Jon couldn’t make it for this episode, he’ll be back next time!
Al mentions our last episode with Ewan, and how the focus on Observability fits with his current focus at work.
Stuart mentions a few books to read including the Google SRE book, Google SRE Workbook and Alex Hidalgo’s Implementing Service Level Objectives. One not mentioned in the show but also of interest is Observability Engineering.
Jerry talks about his new job, that uses Azure and .NET. He mentions using Terraform and Azure DevOps. He also does some freelance work, and is trying to build “platforms” rather than just managing servers manually.
Stuart mentions a push in the industry to build easily consumable platforms for developers, allowing them to consume it themselves (Platform Engineering).
Al talks about using multiple regions within Cloud providers.
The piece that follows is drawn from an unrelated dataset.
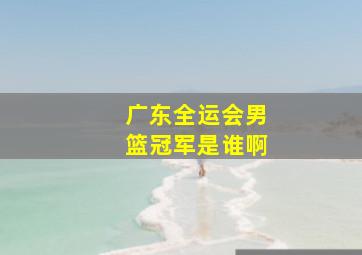 广东全运会男篮冠军是谁啊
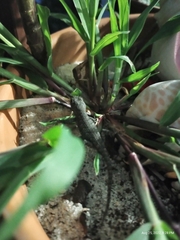 Sceloporus undulatus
Stuart mentions that sometimes using multiple regions can add redundancy but significantly increase complexity, at which point there is a trade off to consider.
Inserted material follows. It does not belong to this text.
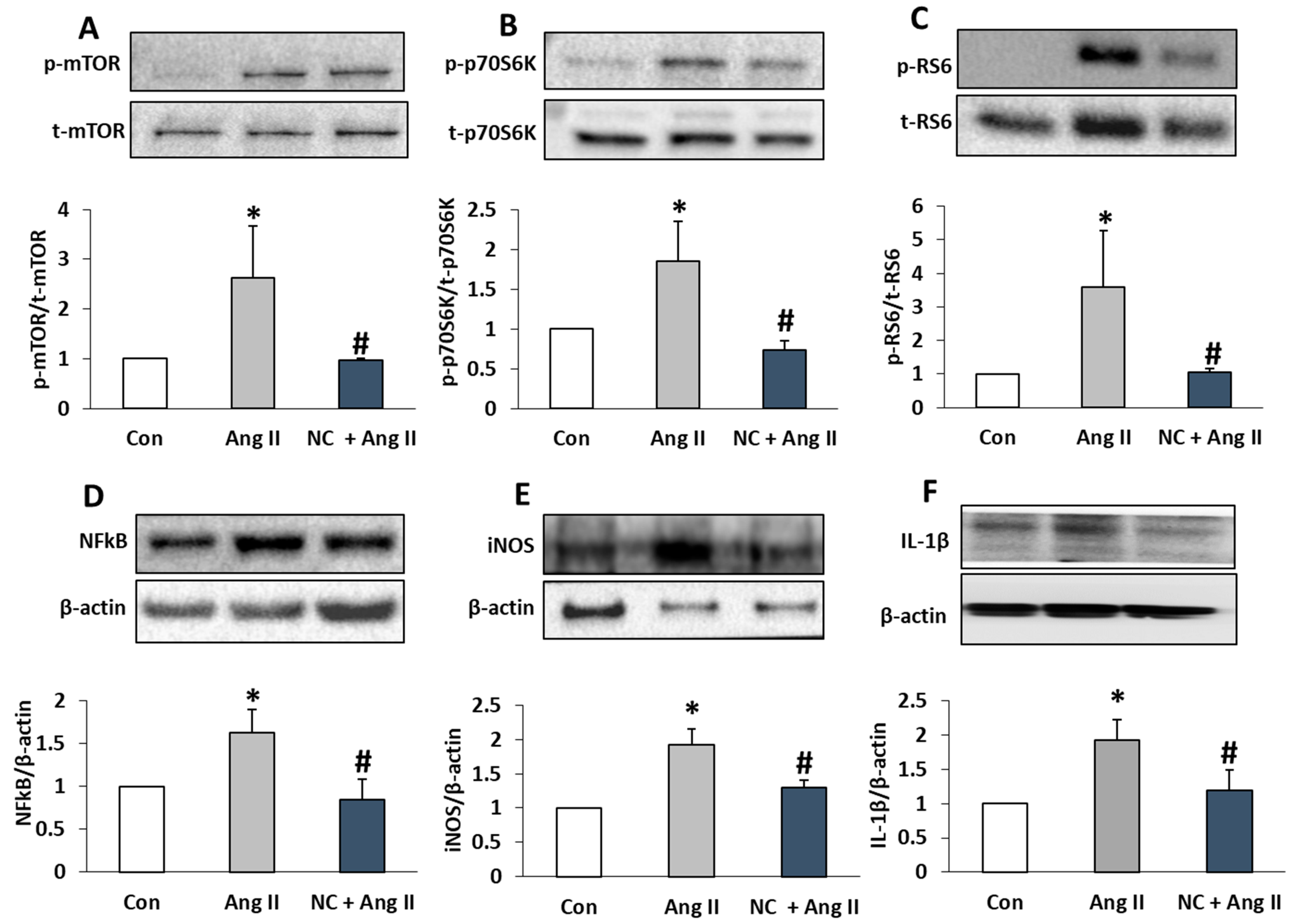 Antioxidants 12 00877 g004 Antioxidants 12 00877 g004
Stuart talks about database technologies that allow multiple “writers” (e.g. Apache’s Cassandra, AWS’s DynamoDB, Azure’s CosmosDB), compared to those with a single writer and multiple readers (e.g. default MySQL and PostgreSQL).
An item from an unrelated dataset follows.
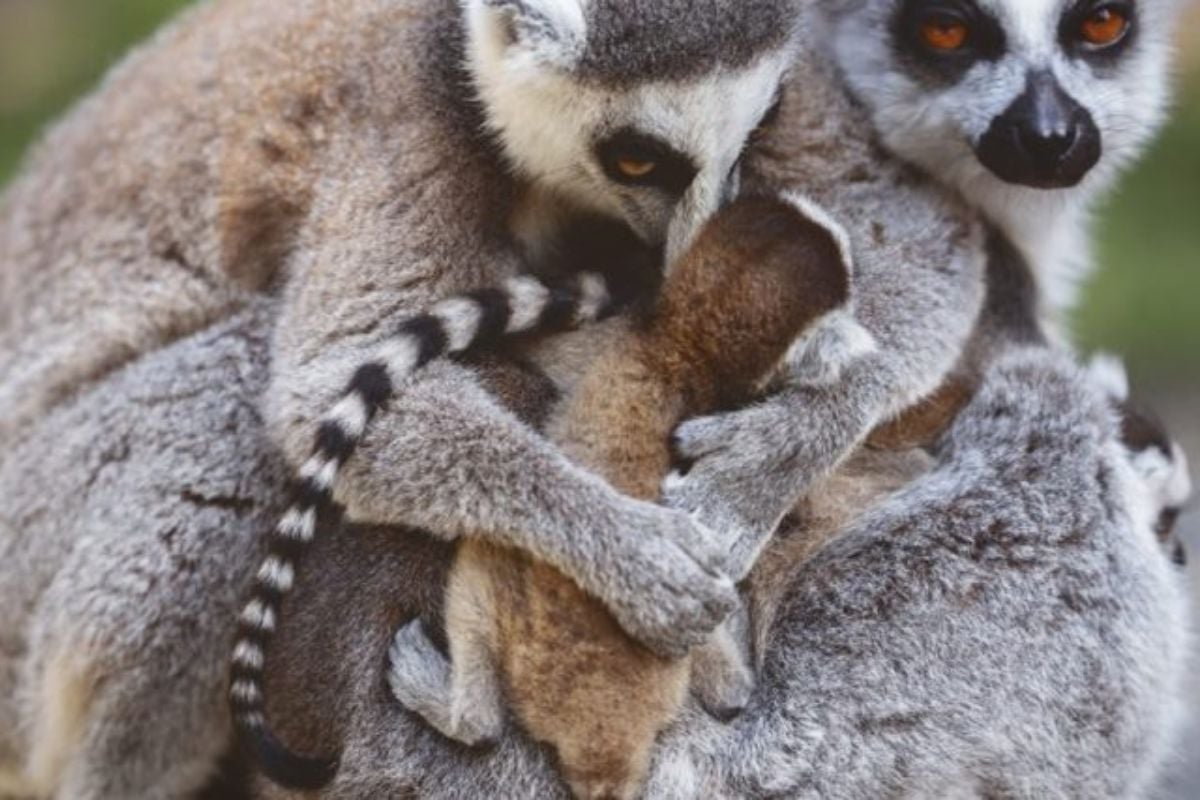 Tickets to Hoo Zoo & Dinosaur World (Family of Five Adults & Children)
Al starts a discussion around Containers.
Al talks about Azure Serverless (“function-as-a-service” like AWS’s Lambda and OpenFAAS), and Jerry mentions that these often are running as containers in the background. He also mentions AWS’s Fargate as a “serverless” container platform.
The conversation then moves onto Kubernetes.
Stuart mentions that when using a Cloud’s managed Kubernetes service, you often still manage the worker nodes, with the Cloud provider managing the control plane. It is possible to use technologies like AWS’s Fargate as Kubernetes nodes.
Al asks about how you would go about viewing splitting up Kubernetes clusters (i.e. one big cluster? multiple app specific clusters? environment-specific clusters?). Jerry and Stuart talk about this, as well as how to use multi-tenancy/access control and more. Stuart mentions concerns in terms of quite large clusters, in terms of rolling upgrades of nodes.
Stuart mentions Openshift, a Kubernetes distribution (similar to how Ubuntu, Debian, and Red Hat are distributions of Linux), and talks more about how it differs from “vanilla” Kubernetes. Stuart also mentions Rancher as another Kubernetes distribution.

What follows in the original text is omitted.